Correlation Between OBSERVE MEDICAL and Ultra Clean

Specify exactly 2 symbols:
Can any of the company-specific risk be diversified away by investing in both OBSERVE MEDICAL and Ultra Clean at the same time? Although using a correlation coefficient on its own may not help to predict future stock returns, this module helps to understand the diversifiable risk of combining OBSERVE MEDICAL and Ultra Clean into the same portfolio, which is an essential part of the fundamental portfolio management process.
By analyzing existing cross correlation between OBSERVE MEDICAL ASA and Ultra Clean Holdings, you can compare the effects of market volatilities on OBSERVE MEDICAL and Ultra Clean and check how they will diversify away market risk if combined in the same portfolio for a given time horizon. You can also utilize pair trading strategies of matching a long position in OBSERVE MEDICAL with a short position of Ultra Clean. Check out your portfolio center. Please also check ongoing floating volatility patterns of OBSERVE MEDICAL and Ultra Clean.

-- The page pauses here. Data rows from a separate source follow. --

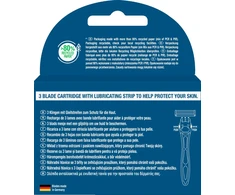 Wilkinson Sword Wilkinson Essentials 3 Hybrid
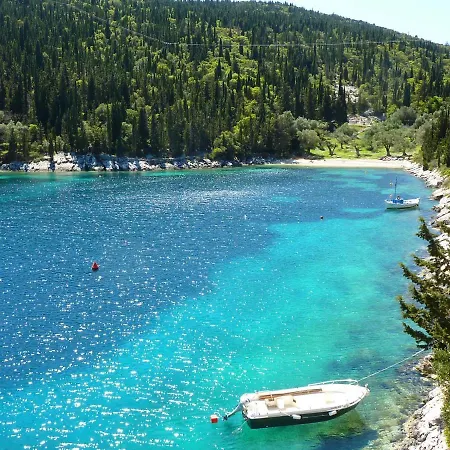 Fiscardo View Fiscardo Kefalonia * Mánganos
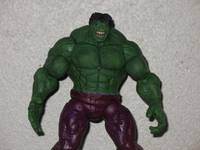 Hulk (Marvel Legends) Custom Action Figure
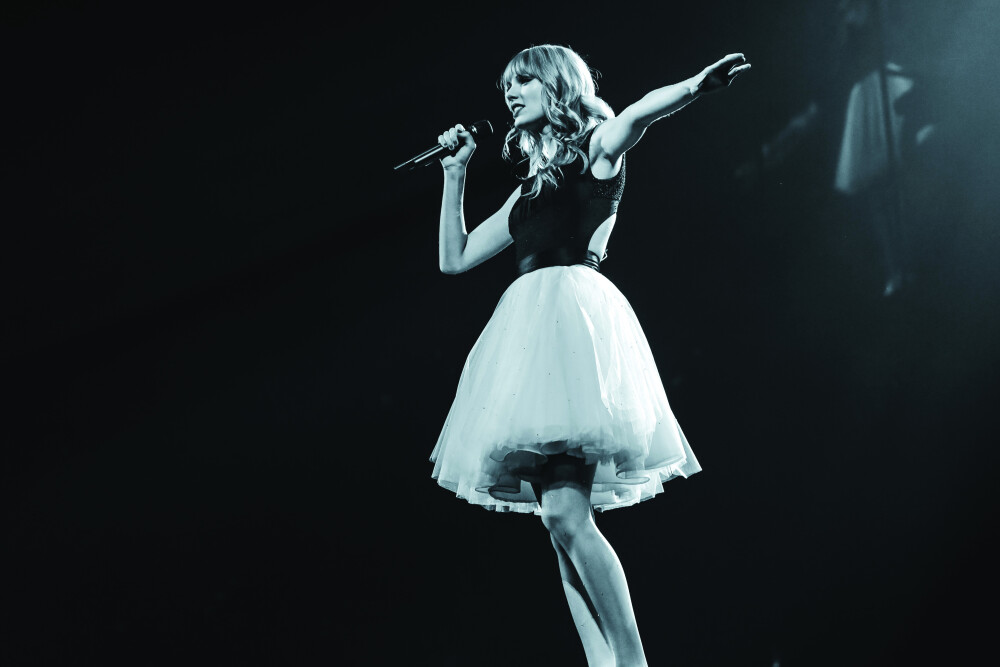 red tour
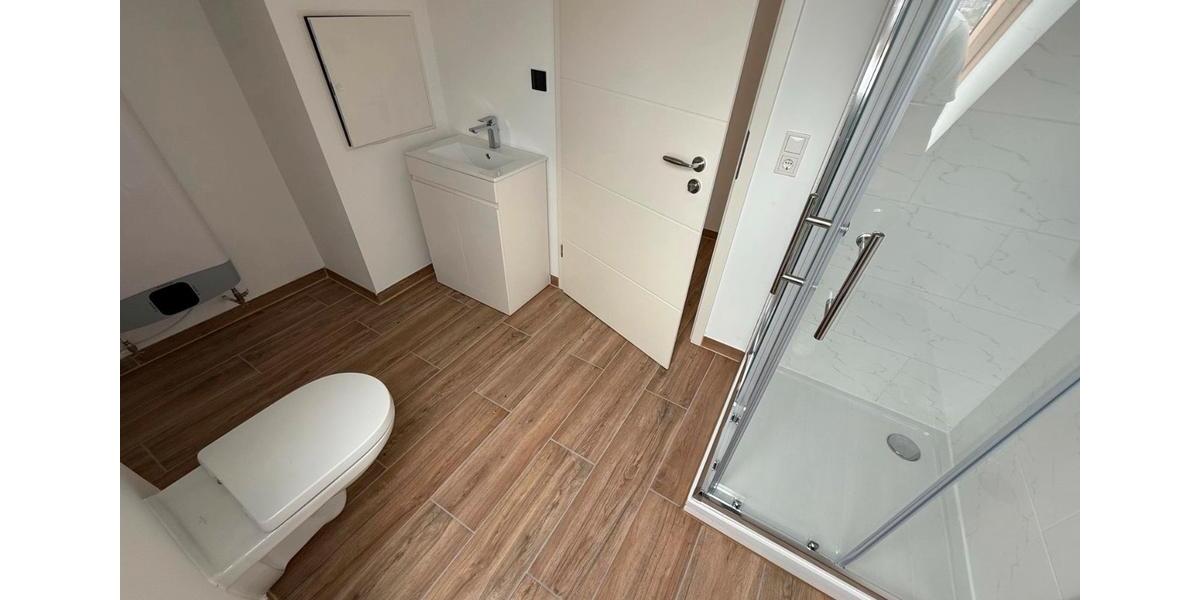 Dachgeschoßwohnung Zweibrücken - 2 Zimmer, 45 m&sup2;, 94.900&euro; | Angebot:26930854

Diversification Opportunities for OBSERVE MEDICAL and Ultra Clean

0.44
  Correlation Coefficient

Very weak diversification

The 3 months correlation between OBSERVE and Ultra is 0.44. Overlapping area represents the amount of risk that can be diversified away by holding OBSERVE MEDICAL ASA and Ultra Clean Holdings in the same portfolio, assuming nothing else is changed. The correlation between historical prices or returns on Ultra Clean Holdings and OBSERVE MEDICAL is a relative statistical measure of the degree to which these equity instruments tend to move together. The correlation coefficient measures the extent to which returns on OBSERVE MEDICAL ASA are associated (or correlated) with Ultra Clean. Values of the correlation coefficient range from -1 to +1, where. The correlation of zero (0) is possible when the price movement of Ultra Clean Holdings has no effect on the direction of OBSERVE MEDICAL i.e., OBSERVE MEDICAL and Ultra Clean go up and down completely randomly.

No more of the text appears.